As Olympic mania swept the world in recent weeks, it transported the host country, Great Britain, to a rare display of public exultation. Indeed, the successes of “Team GB” produced an upsurge of patriotic rejoicing akin to victory in war. Britain finished third in the gold medal count, behind the US and China, much larger countries, but ahead of Russia, which traditionally competes with the US for first place.
So, what is the secret of Olympic success? The acquisition of medals, precisely because it gives so much satisfaction, has become the object of scientific inquiry and national endeavor.
Before the 2012 Games, the Financial Times combined four economic models to produce the following “consensus” prediction of gold medals (the actual results are in brackets): 1. US, 39 (46); 2. China, 37 (38); 3. Great Britain, 24 (29); 4. Russia, 12 (24); 5. South Korea, 12 (13); and 6. Germany, 9 (11). The gold medal rankings and overall medal placement (gold, silver, and bronze) were correctly predicted in all cases.
The most striking finding is that the medal count can be predicted with great accuracy from four key variables: population, GDP per capita, past performance, and host status. Everything else — different training structures, better equipment, and so forth — is pretty much noise.
The impact of population and GDP is obvious: A large population increases the chance that a country will have athletes with the natural talent to win medals, and a high GDP means that it will have the money to invest in the infrastructure and training needed to develop medal-winning athletes.
Past performance is also important: The visibility and prestige of a sport increases after Olympic success, as does funding. Medals attract money; failure results in cuts.
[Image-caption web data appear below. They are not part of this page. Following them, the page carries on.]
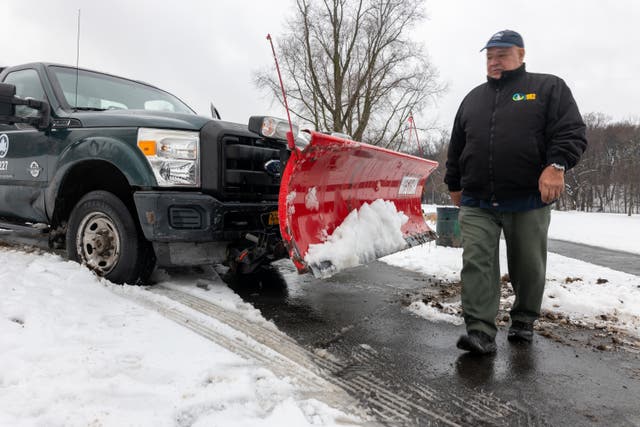 <p>Después de la nevada del fin de semana en Nueva York, se espera que dos tormentas invernales golpeen gran parte de Estados Unidos esta semana, con el potencial de causar interrupciones generalizadas en los viajes y cortes de electricidad</p>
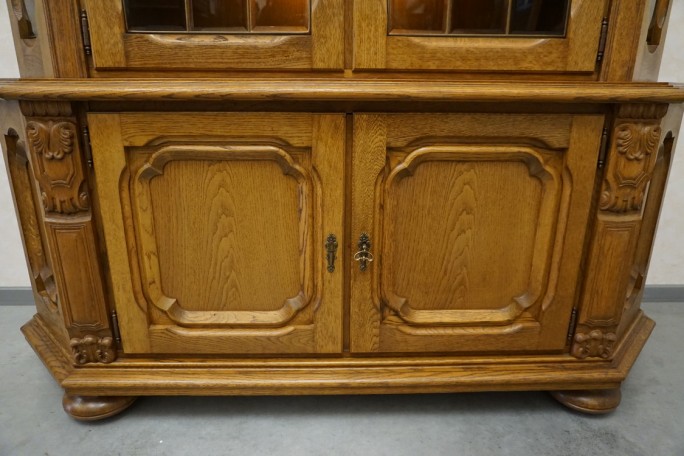 WITRYNA Z KOMODĄ PODŚWIETLANA SZER. 170 CM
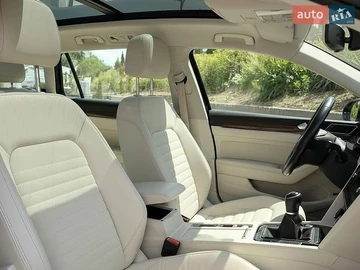 Авто Volkswagen Passat 2015 № 8949758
Finally, the “home advantage” includes not just the benefit of morale and the opportunity to train in the actual Olympic venues, but also the funding boost that host status brings. In 2004, British athletes received £70 million (US$110 million). By 2008, after London was awarded the 2012 Games, the total was £245 million, and stood at £264 million this year.
Over the past 10 Olympics, the host country has won 54 percent more medals on average than when it was not the host. Hosting the Olympics boosts performance before the hosted Games, and has effects that outlast them.
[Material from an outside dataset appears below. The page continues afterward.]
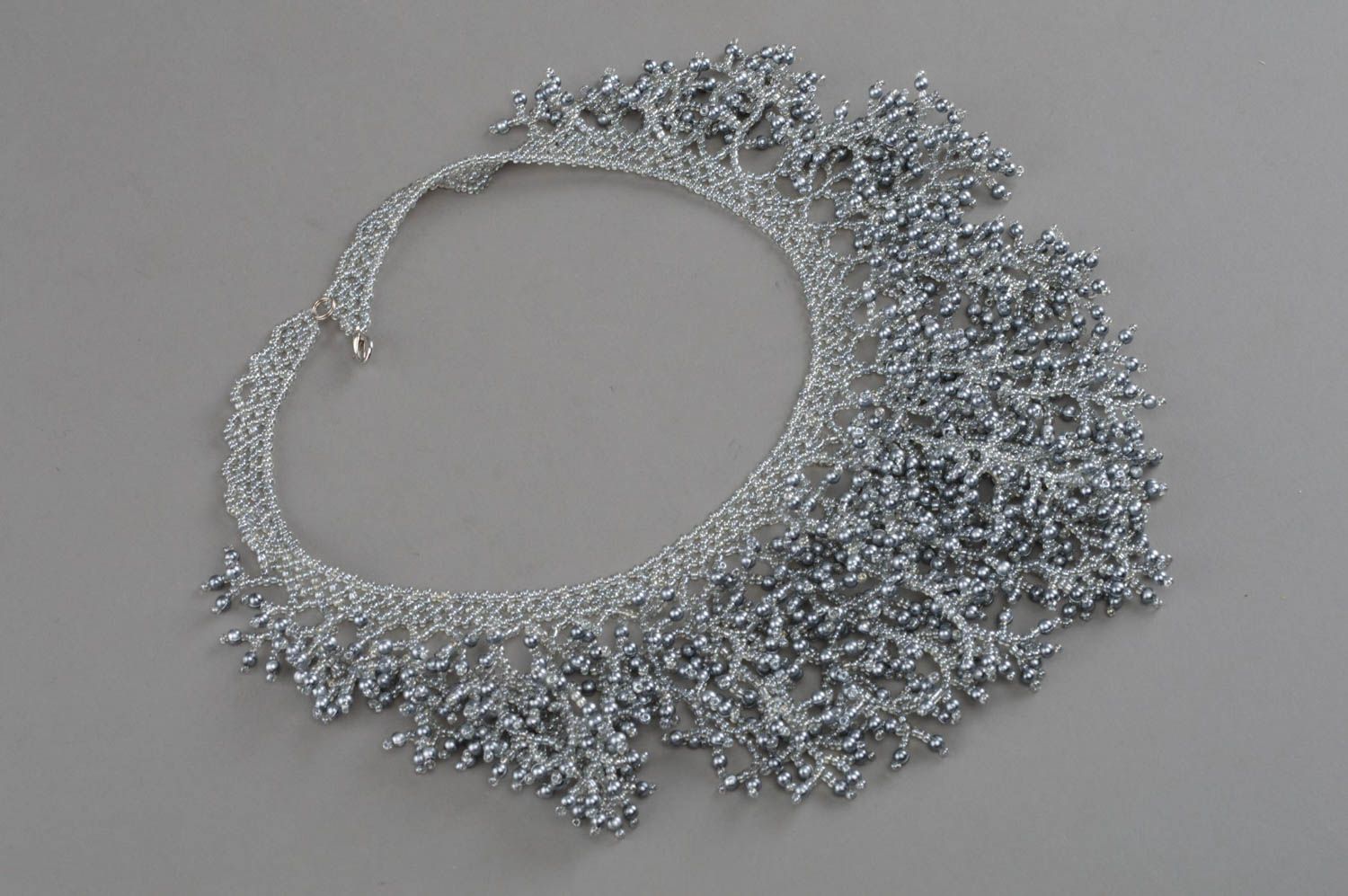 Frauen schönes handgemachtes künstlerisches Collier aus Glasperlen modisch toll foto 3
Some sports are more sensitive to income and host-nation effects than others. Equestrianism, sailing, cycling and swimming, for example, are far more expensive than running, and this reduces the participation of low-income countries. It is almost impossible for some countries to produce medal-winning athletes in some sports — Ethiopia has only one swimming pool per six million people.
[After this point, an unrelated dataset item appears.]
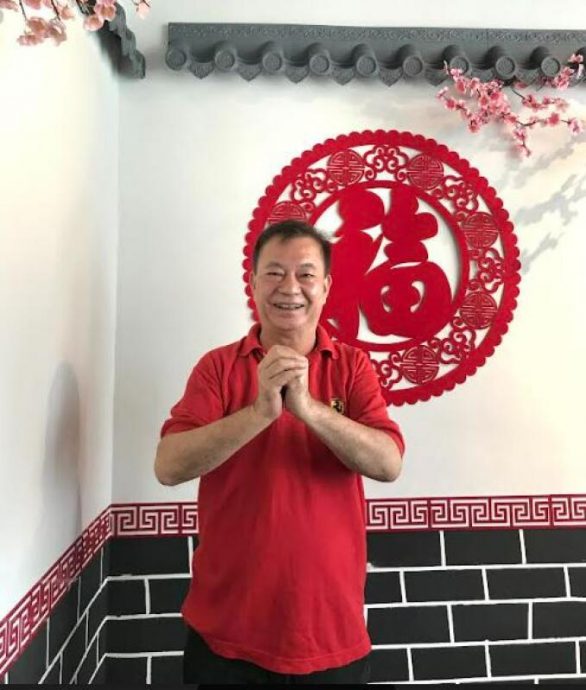 (已签发)柔:狮城二三事:结婚43年谈相处之道‘阿灿’廖伟雄:小吵添情趣 睡醒就忘记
Sometimes, poor countries are priced out of a sport. India was historically strong at field hockey, winning almost all of the gold medals between 1928 and 1968, but, since the Games switched from grass to expensive synthetic turf, the Indians have won just one field hockey medal. Some of the sports at which Britain has done particularly well, like cycling and rowing, are most highly influenced by income and host effects.
Brazil can therefore expect to improve considerably on its modest haul (15 medals) and 21st-place finish when it hosts the 2016 Games.
As for the others, the formula for success is fairly simple: Select your potentially winning sports, pick the potential medalists in those sports, pour money into them and stick with both the sports and the players until the medals roll in.
The funding can be corporate sponsorship (as in the US), state money (as in China), or a mixture of National Lottery and state money (as in the UK).
Two questions arise. First, why should a country concentrate on accumulating trophies at the expense of other desirable goods? Second, can the formula for “picking winners” in sports be replicated for competitive success in international trade?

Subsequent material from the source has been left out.